Even by smugglers' innovation standards, this was off the charts - Verne could have called it "20,000 Kilos Under the Sea."

The 100-foot submarine could have crossed an ocean, surfaced off Miami or other coastal cities and surreptitiously unloaded its drug cargo.

"In the 30 some-odd years I have been in law enforcement I have never seen anything like this," Leo Arreguin, the chief of the U.S. Drug Enforcement Administration in Colombia, said yesterday.

"This is huge." Arreguin said. "We're talking about being able to load up to 200 tons of cocaine in this submarine."

Top officials flocked to the warehouse yesterday to marvel at the lengths that Colombian drug traffickers, who supply more than 80 percent of the world's cocaine and a rising share of its heroin, go to export their illicit products.

Police were led to the find by suspicious area residents, who had seen Americans hanging around the warehouse, located in a cow pasture off a highway near the suburb of Facatativa.

When police arrived, there was no one around. Surveillance cameras had been placed on the roof. No arrests have been made.

"This is very high tech," said Colombian Navy Capt. Ismael Idrobo, gazing up at the reddish sub, which stood in three sections on lengths of railroad track. "Look at the rudders and the pressurized double hull. This could easily travel 100 meters (yards) under the surface of the ocean."

Navy Capt. Fidel Azula, a former submarine captain and member of the Joint Chiefs of Staff, said even the Colombian navy lacked the knowledge to build such a vessel. "This is unmistakably of superb naval construction," he said.

Arreguin said seized documents, including blueprints, contained Russian- and American-sounding names. There were indications Russian engineers were involved, including "a very professional engineer who has constructed submarines before," Arreguin said.

The Russian Mafia has become increasingly involved in cocaine trafficking to Europe, Arreguin noted.

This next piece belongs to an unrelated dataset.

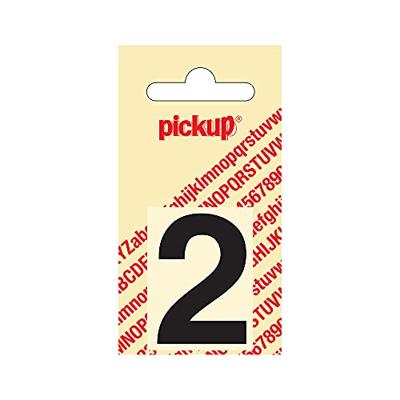 Plakcijfer Helvetica 40 mm Sticker zwarte cijfer 2 Pickup - Pickup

Scattered about the warehouse were welding tools, propane tanks, hardhats, tool boxes and knee pads, and a Grainger Tools catalogue from the United States. A no-smoking sign and calendars featuring bikini-clad models hung on the walls.

Previously, smugglers have outfitted passenger planes and ships to transport drugs, and even built some tiny fiberglass "submersibles" to ferry drugs to a mother ship. But they were mere contraptions compared to this sub, which measured over 11 feet in diameter.

Years ago, Colombians drug traffickers reportedly tried to buy, through intermediaries, a military submarine from the Kremlin's fleet as the Soviet Union collapsed.

Theorizing why this sub was being built so far from the ocean, National Police Director Gen. Ernesto Gilibert said it was to conceal the operation and for easy access to high-grade construction materials.

Officials believe the traffickers would have transported the sub in three sections to the coast aboard tractor-trailers.